In Memoriam J. G. Ballard: muzak soundtrack to Ballard’s novels

Altieri / Balestrazzi / Becuzzi, In Memoriam J. G. Ballard, Old Europa Cafe AVS, OECD 159 (2012)

First work dedicated to the English novelist J G Ballard I’ve ever come across, “In Memoriam …” is quite a good album of melodic and rhythmic industrial/electronic music that attempts to capture something of the particular universe of the author’s novels which in their own way criticised the direction and values of Western society and the popular culture it produced. Each track is named after a novel that Ballard wrote and some of his more famous works like “Crash” and “The Atrocity Exhibition” are referenced.

To be honest, the music is more pleasant and even more unified than what I had expected. The entire album can be heard as one united work of slightly different chapters; I think Ballard’s work was rather more varied than that. Although there is plenty of power electronics hissing, seething and foaming to be found on a track like “Crash”, the industrial pulsating rhythms of that track are more soothing than alarming. I thought there would be screeching tyres, the shatter of windows and the scrunching of metal upon metal mixed in with the groaning and gasping and other mechanics of sexual intercourse to emphasise the central role that automobiles and highways play in our lives and how our relationship with the car and the petroleum that powers it is more intimate than the relationships we might have with members of the opposite sex (and sometimes the same sex as the protagonist of the novel discovers). “The Drowned World” sounds suitably aquatic but for me it doesn’t have that languid, enervated, passive atmosphere of the original novel in which the hero, a typical Ballardian blank-slate character, allows himself to blend into his changed environment and become part of its flow and rhythm.

After a while, I learn not to have high expectations of the music and start to enjoy it as something that works well by itself. A version of “The Atrocity Exhibition” that reflects the disoriented, schizophrenic, almost psychotic nature of the novel and its structure will eventually arrive; in the meantime, the track named after the novel is a busy creature of regular railway-train rhythmic structure, sharpish high-pitched drone and murky underwater ambience. Eventually the track becomes something the novel never was: monotonous and boring.

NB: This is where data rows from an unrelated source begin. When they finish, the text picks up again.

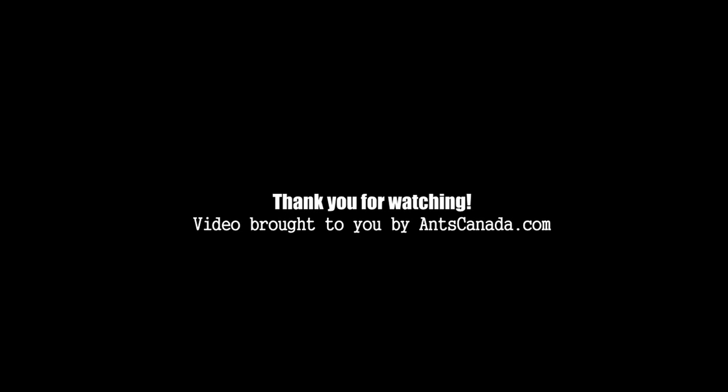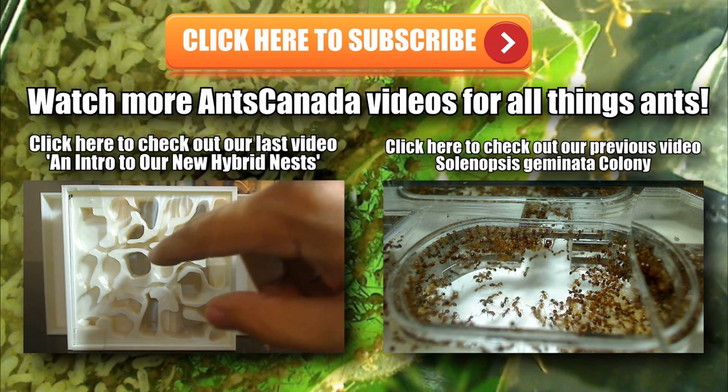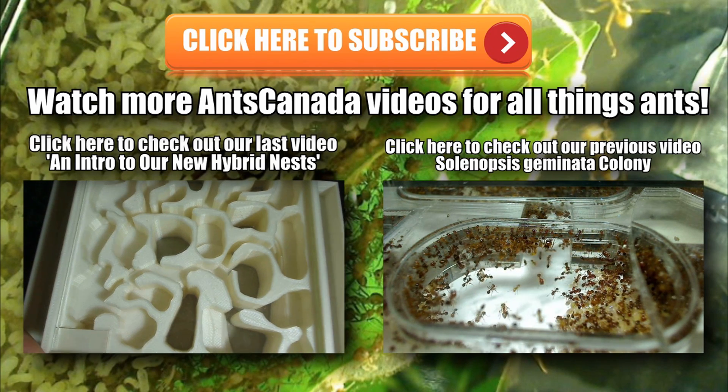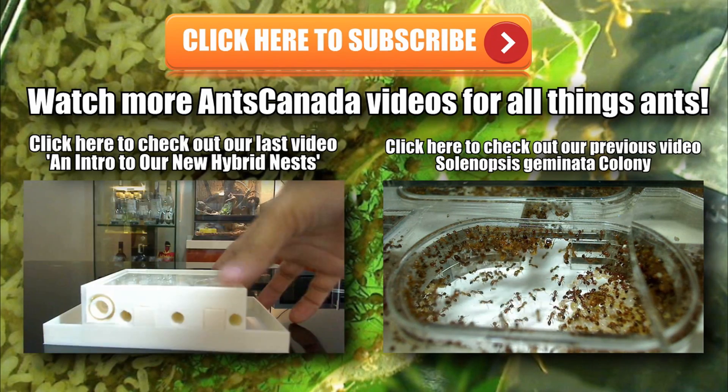That wraps up my talk on ant wars, ant interactions, and colony scents. Hope you guys liked this video — thanks so much for watching. Please write to me if you have any questions at contact-us@antscanada.com and please subscribe. Also check out our latest video on our new hybrid nests coming to antscanada.com soon, and don't forget to check out our Solenopsis geminata colony. Thanks so much guys — ant love forever!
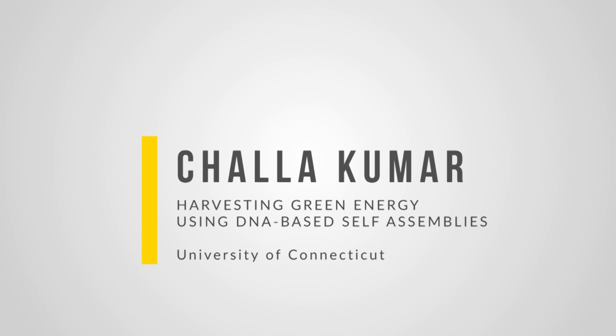I am Salah Vijay Kumar. I'm a professor of chemistry at the University of Connecticut.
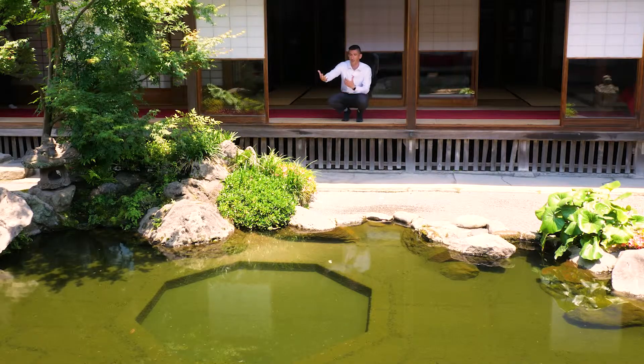Actually, between these two octagons is the Lord's bedroom, which is supposed to be the most powerful spot in the whole house. Make sure to check it out next time you're at Sengan-en. See you next time.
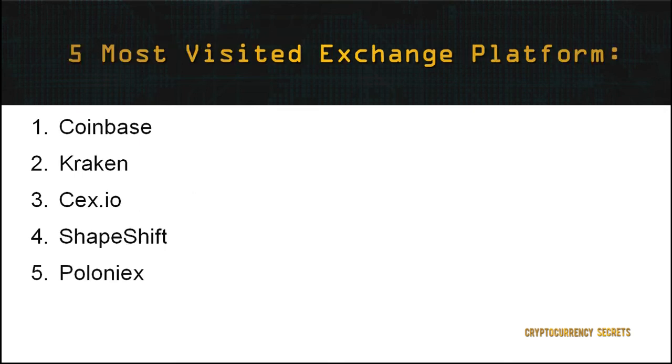As cryptocurrency is gaining more attention around the globe, there is a vast array of exchange platforms to choose from, but not all exchange platforms are created equally. In this module, I will list the top 5 most visited exchange platforms in no particular order: 1. Coinbase, 2. Kraken, 3. CEX.io, 4. Shapeshift, 5. Poloniex.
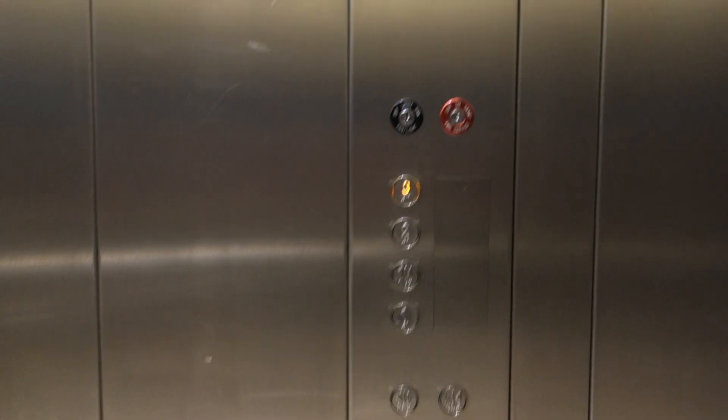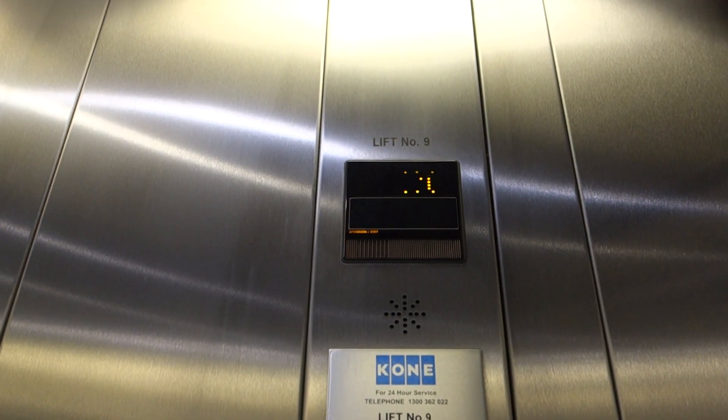This will be a Schindler 2400 Emerald Traction here at Westwood Katara. I have not filmed these for a very long time.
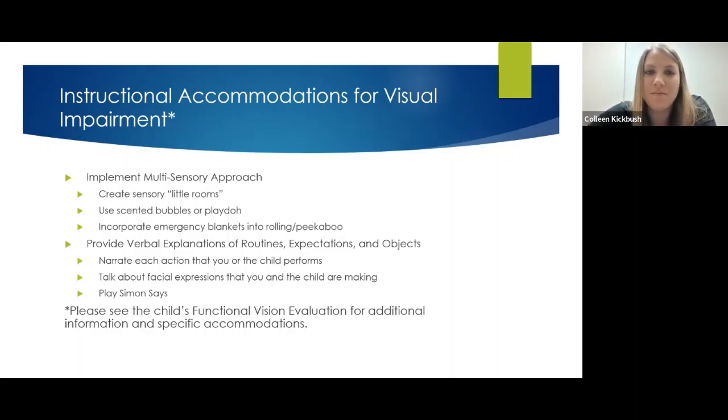Make sure you use a multi-sensory approach. Things should feel good, and you can use scent to encourage children to move. Peppermint has been used with students who have multiple disabilities — it really increases their alertness and movement. Using peppermint before activities when you want them a little more alert and starting to move their head can make a big difference.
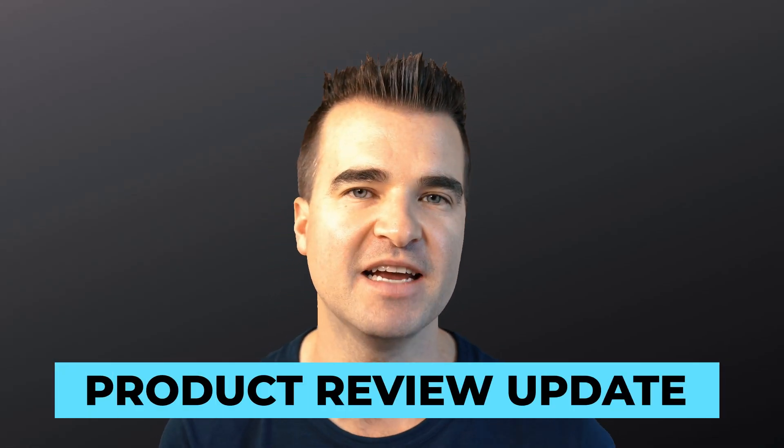Google just released the product review update and a lot of bloggers are freaking out about this. In this video, I want to talk about what the product review update is, why I actually don't think it's that big of a deal right now, but also some things you can do going forward to kind of help get around this update.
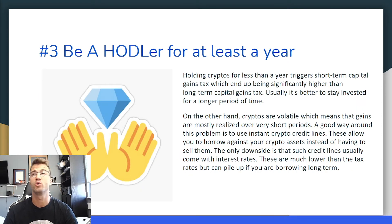Tip number three: be a holder for at least a year. Holding cryptos for less than a year triggers a short-term capital gains tax, which ends up being significantly higher than a long-term capital gains tax. Your counter argument might be that cryptos are volatile, meaning gains are mostly realized over short periods of time. A good way around this is to use instant crypto credit lines, which allow you to borrow against your crypto assets instead of selling them. The downside is that credit lines come with interest rates, which are much lower than tax rates but can pile up if you're borrowing long term.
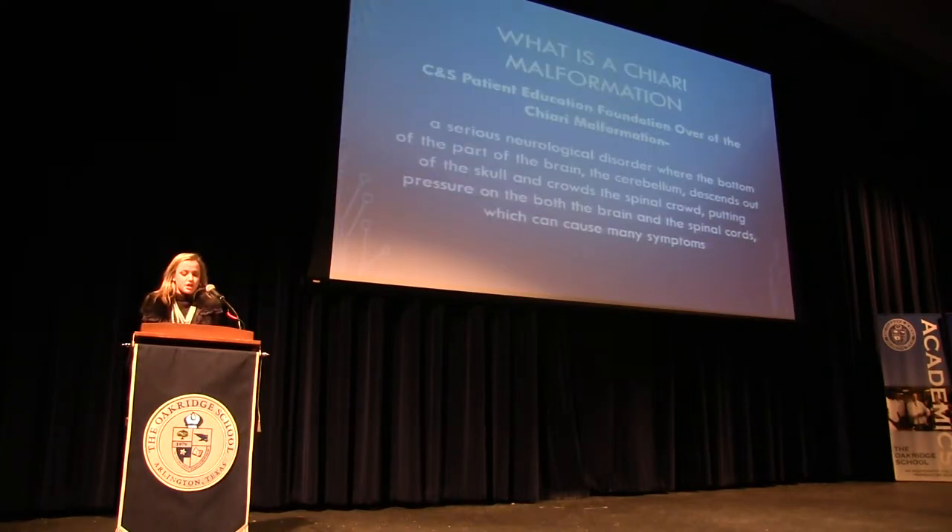The CNS Patient Education Foundation overview of a Chiari malformation defines this disorder as a serious neurological disorder where the bottom part of the brain, the cerebellum, descends out of the skull and crowds the spinal cord, putting pressure on both the brain and the spinal cord, which can cause many symptoms.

Yes, the music can be of a very interior nature and in parts is quite sinister and alien. There are some great atmospheres of smoky cloud and digital hissing created here. But I detect very little of that inquiring Ballardian mind and wonder at the extremes of human behaviour, how very irrational by narrow conventional parameters yet totally rational from Ballard’s point of view people can be in situations where the human-technological interface pushes people away from natural forms of intimacy and interactions into more machine-like and mentally disturbed behaviours.

The album ends more quietly than disturbingly: “High Rise”, far from being a ferocious, seething prison of very proper middle class English people who resort to ripping one another apart and the conspicuous consumption that follows when they find they cannot leave their apartment block, is an unassuming industrial-lite piece of pumping rhythm and sighing clouds of noise. Damn.

Hard to say if the man himself would be enthralled by the music on offer: in his last years, Ballard found and wrote himself very deeply into a niche of dystopian comedy about upper middle class lifestyles, the artificial, isolated environments in which they are found, the stresses such environments cause to people and how normal people turn into neurotic or psychotic nutjobs as a result. The music here might serve as a kind of muzak to that period of Ballard’s work. (Hmm, in that sense, maybe Ballard would like the music.) In some ways, Ballard’s death in 2009 might be the most ironic and Ballardian aspect of the man’s life since after 2009 our world has become more and more like the universe his pen created, in which democracy, community, equality, justice and freedom mean their polar opposites, Western humanitarian aid in Third World countries destroys lives and reduces survivors to neo-colonial slavery, people sneer at the homeless and desperate refugees, and modern medicine meant to heal people and reduce their pain instead turns them into rampaging killing machines.